Let It Die displayed Feist's nascent songwriting chops on songs like the torchy title cut, as well as a classy taste in covers, including Ron Sexsmith's "Secret Heart" and Blossom Dearie's "Tout Doucement." But The Reminder plumbs more personal territory, with greater stylistic verve.

The album is still carried by Feist's considerable skills as an understated, emotive vocalist, who wields a light, aching voice with aplomb (and multi-tracks it to haunting effect on "Honey Honey"). The arrangements are often sparse and never fussy, frequently built around a strummed acoustic guitar, before building to a sing-along, horn-happy chorus. That's the formula for "1234." In the video for that song, Feist is hoisted by a circle of scrappy-looking dancers, like a community theater version of a Busby Berkeley musical.

This time, there's only one cover, and a daring one at that, "Sea Lion Woman," a public-domain song identified most closely with Nina Simone. Feist sings the lyric over a squad of clapping, chanting backup vocalists: "Sea lion woman dressed in black, wink at the man and then stab him in his back."

In this nervy version, "Sea Lion Woman" doesn't remain a folk song for long. Soon the guitarist, who fronted a high school punk band called Placebo and wielded her six string on tour with Canadian rock band By Divine Right, is pealing off thorny lead lines and turning the song into a rocked-out rave-up.

Feist's music gets played in all those boutiques and cafes because it communicates a level measure of cool while retaining a sense of mystery. And it's catchy, too.

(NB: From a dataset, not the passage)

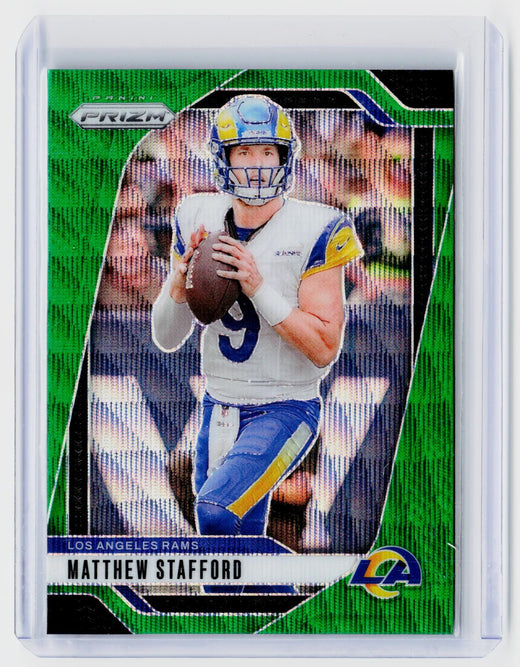 2024 Panini Prizm Football Matthew Stafford Green Prizm #166 - front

The Reminder isn't perfect. "Brandy Alexander," written with Sexsmith, is almost too pretty - Canadian lounge singers will be singing it till eternity. A few songs, like "Intuition," are spare to a fault. But the best songs on The Reminder, like the jittery "I Feel It All" and the foreboding romance "How the Heart Behaves," are unforgettable - reminders of what a pleasure listening to smart, seductive pop music can be.